A Look at Upcoming Innovations in Electric and Autonomous Vehicles Wisconsin Golf Adds Short Courses, Caddie Stories, and Collegiate Milestones Worth Tracking

Wisconsin Golf Adds Short Courses, Caddie Stories, and Collegiate Milestones Worth Tracking

Grand Geneva Resort & Spa in Lake Geneva opened Wee Nip last Tuesday - an 11-hole, par-3 short course designed by Shorewood-based architect Matt Dusenberry - and it arrives at a moment when walkable, accessible golf experiences are drawing serious attention from operators and destination resorts alike. The course is deliberately low-barrier, playable in roughly 75 minutes, and built for golfers of every skill level. That combination is less an amenity add-on and more a strategic product decision.

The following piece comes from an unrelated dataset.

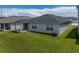 The backyard has a covered patio, a well-maintained lawn, and an air conditioning unit at 1029 Mattie Pointe Way, Auburndale, FL 33823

What Wee Nip Gets Right About Accessible Course Design

Dusenberry's brief was clear: suspend the formality and build something fun. Holes range from 49 to 119 yards depending on tee selection, and the eighth hole - named "Runway" - is a 70-yard ribbon of bent grass green where a putter is the only club required after the opening shot. The greens are contoured with slopes, shelves, and backboards that create variety without requiring technical precision. A few bunkers and hummocks round out the character.

"We suspended reality a little bit and leaned into the fun part," Dusenberry said. "You can play a match, you can play two balls, you can keep score or not keep score. It's whatever you want it to be."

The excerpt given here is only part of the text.